“Have patience with everything unresolved in your heart and try to love the questions themselves as if they were locked rooms or books written in a very foreign language. Don’t search for the answers, which could not be given to you now, because you would not be able to live them. And the point is to live everything. Live the questions now. Perhaps then, someday…you will gradually, without even noticing it, live your way into the answer.”
Rainer Maria Rilke, 1903, in “Letters to a Young Poet”
About 30 years ago I read an essay which had a big impact on me. It was Ralph Waldo’s Emerson essay on self-reliance. Maybe you know that one, which mentions “A foolish consistency is the hobgoblin of little minds, adored by little statesmen and philosophers and divines” It spoke to my spirit of independence and of finding my own way.

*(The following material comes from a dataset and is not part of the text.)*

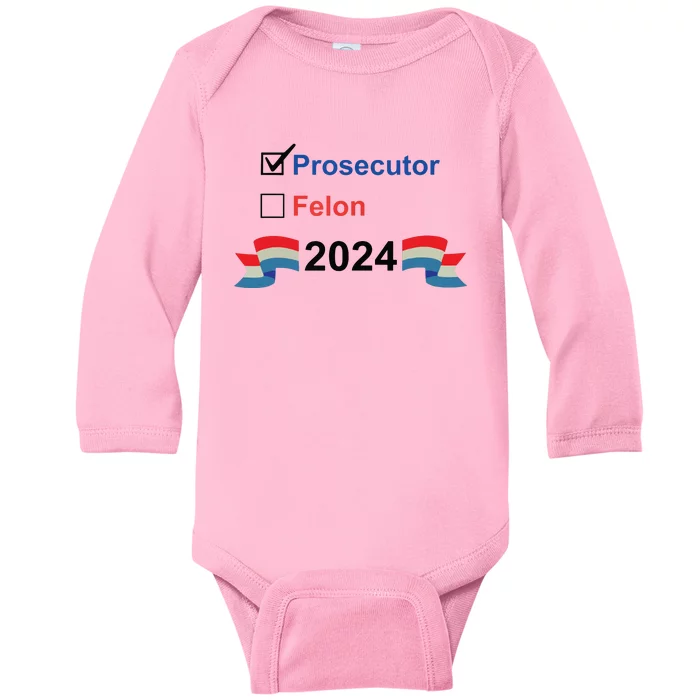 Prosecutor Vs Felon 2024 Baby Long Sleeve Bodysuit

Since then, I’ve lived a lot of my life and much if it well. Much of that time has been in a spirit of defiance and with self-reliant independence.
I recently read the essay again and was astonished. It seemed impossible to me that the words would have changed. Yet, here they were talking about interdependence, interbeing, and connecting to a deep, common spirit. This spirit, which he calls genius (or almost genie) has more of a mystical quality than the mental staunchness I thought I had read.
Rilke is so right. Words need patience to be understood. Even more so, words need life and living in order to be truly understood.